The timing of all this could not have been better, as closer collaboration is one of the priorities of Pietro Barabaschi, Director-General of ITER Organization, aiming to bring teams closer together and to capitalise on their talent. This important milestone for the European and Korean teams of the TBMs came after three years of work behind the scenes when in 2020, the European Commission and the Korean Ministry of Science and ICT started to explore ways of developing jointly a helium-cooled ceramic breeder TBM system. A year later, a task force was created holding technical discussions on planning, distribution of workload, questions linked to quality assurance and intellectual property, amongst other topics. The talks resulted into legal documents that were finalised towards the end of 2022. The thrust of these documents was that the two partners were more than just co-financing pieces of equipment, they were co-designing and co-producing a complex experimental system.
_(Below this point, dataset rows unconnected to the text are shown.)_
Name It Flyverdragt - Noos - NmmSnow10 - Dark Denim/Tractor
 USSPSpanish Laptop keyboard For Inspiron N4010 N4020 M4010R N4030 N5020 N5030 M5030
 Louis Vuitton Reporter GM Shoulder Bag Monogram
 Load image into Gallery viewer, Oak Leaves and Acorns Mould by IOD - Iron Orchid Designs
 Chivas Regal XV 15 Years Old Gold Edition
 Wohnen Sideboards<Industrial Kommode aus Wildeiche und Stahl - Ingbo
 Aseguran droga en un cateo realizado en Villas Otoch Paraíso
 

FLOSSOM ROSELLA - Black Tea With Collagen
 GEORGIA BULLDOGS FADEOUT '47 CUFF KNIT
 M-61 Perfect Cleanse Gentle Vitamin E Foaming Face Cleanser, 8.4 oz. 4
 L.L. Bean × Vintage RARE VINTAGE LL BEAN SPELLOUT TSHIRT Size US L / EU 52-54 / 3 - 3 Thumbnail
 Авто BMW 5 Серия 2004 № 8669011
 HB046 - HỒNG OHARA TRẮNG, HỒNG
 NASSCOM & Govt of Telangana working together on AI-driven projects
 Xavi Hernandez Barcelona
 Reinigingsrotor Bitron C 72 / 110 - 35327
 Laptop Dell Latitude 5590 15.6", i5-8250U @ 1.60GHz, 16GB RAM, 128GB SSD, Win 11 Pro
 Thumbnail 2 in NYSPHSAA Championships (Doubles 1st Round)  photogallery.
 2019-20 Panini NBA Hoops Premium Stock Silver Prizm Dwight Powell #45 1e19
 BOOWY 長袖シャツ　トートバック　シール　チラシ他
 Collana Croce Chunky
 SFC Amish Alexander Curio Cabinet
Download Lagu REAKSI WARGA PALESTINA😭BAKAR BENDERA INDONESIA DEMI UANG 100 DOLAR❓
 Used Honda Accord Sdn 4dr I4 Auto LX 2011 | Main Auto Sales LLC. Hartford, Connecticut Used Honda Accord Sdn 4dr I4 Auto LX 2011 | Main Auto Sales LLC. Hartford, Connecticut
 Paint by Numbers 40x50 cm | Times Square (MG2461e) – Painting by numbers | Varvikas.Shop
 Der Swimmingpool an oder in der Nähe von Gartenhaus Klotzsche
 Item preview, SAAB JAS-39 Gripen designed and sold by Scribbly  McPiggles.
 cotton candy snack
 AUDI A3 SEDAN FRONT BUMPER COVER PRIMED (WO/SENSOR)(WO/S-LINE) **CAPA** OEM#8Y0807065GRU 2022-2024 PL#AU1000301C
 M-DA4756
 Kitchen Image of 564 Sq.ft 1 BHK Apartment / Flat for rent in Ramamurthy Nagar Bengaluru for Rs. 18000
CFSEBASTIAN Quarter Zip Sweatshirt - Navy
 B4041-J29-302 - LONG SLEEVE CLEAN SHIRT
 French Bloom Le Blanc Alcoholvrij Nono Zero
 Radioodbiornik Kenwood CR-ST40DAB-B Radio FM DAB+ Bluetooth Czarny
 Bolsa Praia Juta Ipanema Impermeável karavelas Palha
The partnership, which is expected to run until 2042, sets Korea as a leader of the work conducted, making an in-kind contribution up to 60% with the remaining 40% for Europe. The delivery of the joint TBM, and its ancillary systems, is planned for 2031. The design of this joint TBM system will follow closely that of Europe’s, and the steel to be used will be Europe’s preferred choice-Eurofer97.
“This signature marks the end of a long negotiation for many of you. But most importantly it now triggers the start of design, construction and procurement activities between the Korean and European TBM colleagues, in a fully integrated single project team, in anticipation of the integration that the Director-General of ITER Organization is promoting for the ITER project,” explained Jean-Marc Filhol, F4E Acting Director.
“F4E has been working hard over the last years with our partners from Korea, to develop a partnership that is solid in all dimensions. Our collaboration runs deeper than the drafted legal text. We learned how to work trustfully with one another,” said Yves Poitevin, F4E TBM Programme Manager. “Also, the teamwork in F4E, across our departments and services, was excellent. We worked for the same objective, in an extremely collegial manner, capitalising on the expertise of each contributor,” adds Szymon Wesolowski, F4E’s Legal Officer supporting the negotiations.
Through this collaboration, there is hope that technical experts will be able to resolve one of fusion’s long-standing conundrums linked to its fuel. By using ITER as a test environment, Europe and Korea will finetune one of the four different alternatives. But more importantly, they will be able to gain further insight, and equip tomorrow’s fusion devices with fuel supply that will be safe and self-sustained.